Like the Velvet Underground, their most obvious influence, the chart success of the Jesus and Mary Chain was virtually nonexistent, but their artistic impact was incalculable; quite simply, the Scottish group made the world safe for white noise, orchestrating a sound dense in squalling feedback that served as an inspiration to everyone from My Bloody Valentine to Dinosaur Jr. Though the supporting players drifted in and out of focus, the heart of the Mary Chain remained vocalists and guitarists William and Jim Reid, Scottish-born brothers heavily influenced not only by underground legends like the Velvets and the Stooges but also by the sonic grandeur and pop savvy of Phil Spector and Brian Wilson. In the Jesus and Mary Chain, which the Reids formed outside of Glasgow in 1984 with bassist Douglas Hart and drummer Murray Dalglish (quickly replaced by Bobby Gillespie), these two polarized aesthetics converged; equal parts bubblegum and formless guitar distortion, their sound both celebrated pop conventions and thoroughly subverted them.
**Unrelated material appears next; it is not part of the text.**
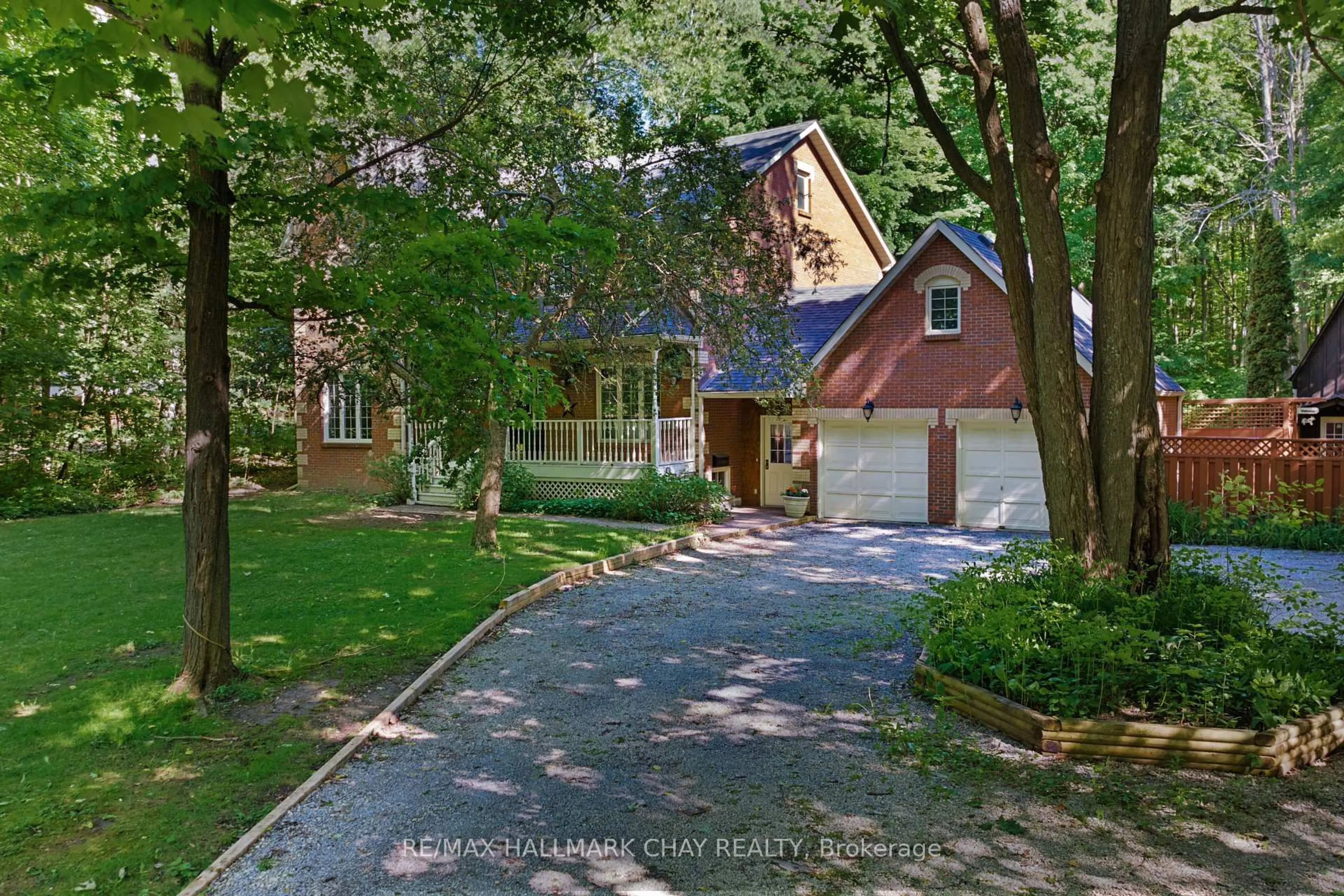 A pic from outside/outdoor area/front of a property/back of a property/a pic from drone, street for 1311 Snow Valley Rd, Springwater Ontario L9X 1K2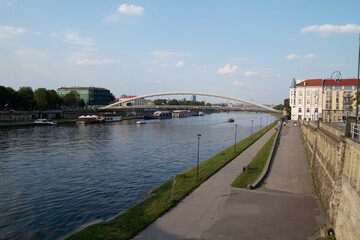 Vistula River (Wisła) in Krakow, Poland. Vistulan Boulevards with Father Bernatek’s pedestrian...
In late 1984, the band issued its seminal debut single, “Upside Down,” a remarkable blast of live-wire feedback anchored by a caveman-like drumbeat; the record made the JMC an overnight sensation in the U.K., as did their nascent live shows, 20-minute sets of confrontational noise (performed with the bandmembers’ backs to the audience) which frequently ended in rioting. The follow-up, “You Trip Me Up,” further perfected the formula, and led to their 1985 debut LP Psychocandy, which gift-wrapped sweet, simple pop songs in ribbons of droning guitar fuzz. After a two-year layoff (during which time Gillespie exited to form Primal Scream and was replaced by John Moore), the Jesus and Mary Chain returned with Darklands, a dramatic shift in approach that stripped away the feedback to expose the skeletal guitar pop at the music’s core. After a sprawling 1988 collection of singles, B-sides, and demos titled Barbed Wire Kisses, they emerged with Automatic, which introduced a more tightly coiled brand of feedback while jettisoning Moore’s live drums in favor of synthesized beats.
After another long absence, the Mary Chain (minus Hart) resurfaced in 1992 with Honey’s Dead, and earned greater U.S. visibility thanks to a spot on that summer’s Lollapalooza lineup; the first single, “Reverence,” also won them renewed attention at home when Top of the Pops banned the song because of its opening lines, “I wanna die just like Jesus Christ” and “I wanna die just like JFK.” With 1994’s gentle, largely acoustic Stoned & Dethroned, they even reached the U.S. pop charts thanks to the lovely single “Sometimes Always,” a duet with Mazzy Star’s Hope Sandoval. Another collection of scattered sides, The Jesus and Mary Chain Hate Rock ‘n’ Roll, followed a year later, highlighted by the single “I Hate Rock ‘n’ Roll,” a scabrous swipe that reclaimed the pure noise attack of their earliest work. Moving to Sub Pop, they returned with Munki in 1998. William Reid left the group during the subsequent tour, and in 1999, the Jesus and Mary Chain officially disbanded.